Sgonico 55, 34010 Sgonico (TS)
Nei giorni del solstizio d’estate ritorna una delle tradizioni botaniche più suggestive del nostro territorio: il Mazzetto di San Giovanni, composto da erbe, fiori e piante raccolte e legate insieme come segno di protezione, buon auspicio e continuità con i cicli della natura. Dietro questo semplice gesto, affiorano memorie arcaiche che arrivano da lontano: antichi culti, tradizioni cristiane e precristiane, ritualità legate al fuoco e all’acqua e simbolismi vegetali stratificati nel tempo. L’incontro propone una lettura del rito come traccia culturale di antiche cosmologie: un tempo in cui le comunità osservavano il cielo e traducevano il passaggio del Sole al suo culmine in un gesto concreto, fatto di piante raccolte, intrecciate e conservate.
Elizabeth Visentin ci accompagnerà in un viaggio tra passato e presente, attraverso ciò che raccontano le specie vegetali coinvolte: tra iperico, artemisia, rosmarino, lavanda e altre erbe solstiziali, ogni pianta è una presenza viva della tradizione, ma anche un organismo vegetale portatore di composti attivi, proprietà officinali, profumi, colori e significati simbolici. Il mazzetto diventa così un piccolo atlante vegetale del solstizio: un intreccio di botanica, etnobotanica, memoria popolare e conoscenza scientifica, dove il filo rosso che lega le erbe richiama anche il filo invisibile che unisce cielo e terra, rito e scienza, antico e contemporaneo. Al termine dell’incontro, ogni partecipante potrà comporre il proprio Mazzetto di San Giovanni da portare a casa.

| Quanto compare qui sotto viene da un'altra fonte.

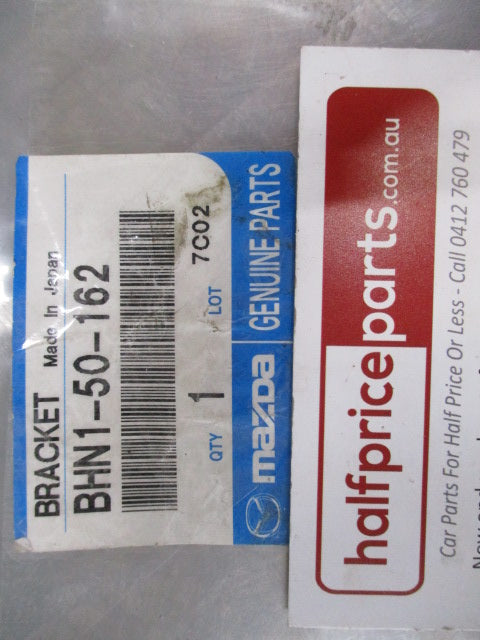 Mazda 3 Genuine Front Left Hand Upper Bumper Side Bracket New Part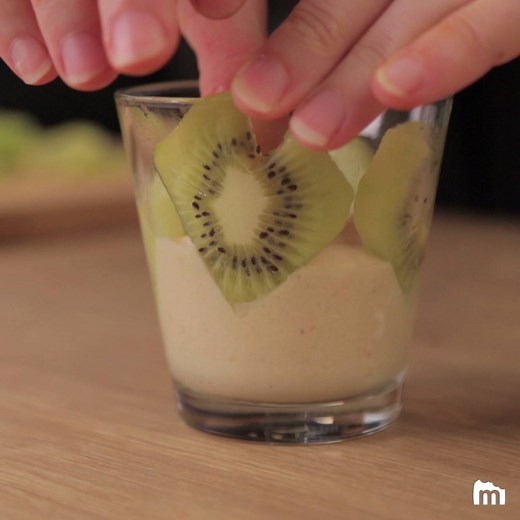 [Partir du bon pied] On (re)prend les bonnes habitudes pour 2017 ? Un petit-dèj fruité pour rayonner dès le matin ! La recette ➡️ https://goo.gl/mwPpRJ | Marmiton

INFORMAZIONI ORGANIZZATIVE
Data: domenica 21 giugno, ore 15:00
Durata: 2 ore
Difficoltà: aperto a tutti gli adulti
Equipaggiamento consigliato: abbigliamento comodo
Quota di partecipazione: gratuito grazie al contributo della Regione Friuli Venezia Giulia
Prenotazione: obbligatoria sul sito https://rogos.it/
In caso di impossibilità a partecipare la preghiamo di avvisarci così da liberare il posto per altri interessati.